A practical distinction:

  • Serial compute buys depth: one trajectory can build on earlier intermediate results, but latency grows with the length of the reasoning process.
  • Parallel compute buys breadth: many attempts can be run at once, but repeated samples may be correlated and may duplicate the same mistake.
  • Search and verification try to combine both: branch over candidates, use a verifier or reward model to allocate more compute to promising paths, and stop when confidence is high enough.

The lecture uses recent reasoning systems as examples of increasing time scales: seconds, minutes, hours, and even days or weeks for external scaffolds. The lesson is not that longer is always better; it is that capability should be plotted against the full inference budget.

Safety and Preparedness Implications

The lecture argues that safety evaluations must account for test-time compute.

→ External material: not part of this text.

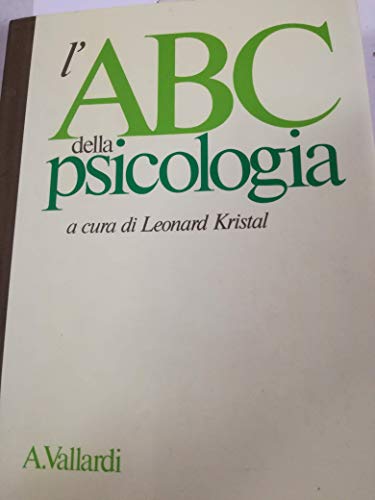 Stock image for L'ABC della psicologia Kristal, Leonard for sale by Librisline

A model that appears limited under a small inference budget may become much more capable with large budgets, long-running scaffolds, or many parallel attempts.

Implications:

  • Preparedness evaluations should project capabilities across inference budgets.
  • Long-horizon behavior is difficult to evaluate because the only definitive test may require actually running the system for a long time.
  • Inference capacity becomes strategically important, not just model weights.
  • Expensive capabilities today may become cheap later, so high-compute inference can preview future risks.

Takeaways

Reasoning-focused RL shifts attention from "what answer does the model produce immediately?" to "how does the model allocate computation to solve a problem?" Planning, search, verification, and RL-trained reasoning traces are increasingly central to frontier LLM performance. This connects modern LLM post-training back to classic RL themes: reward design, credit assignment, exploration, planning, and compute-aware evaluation.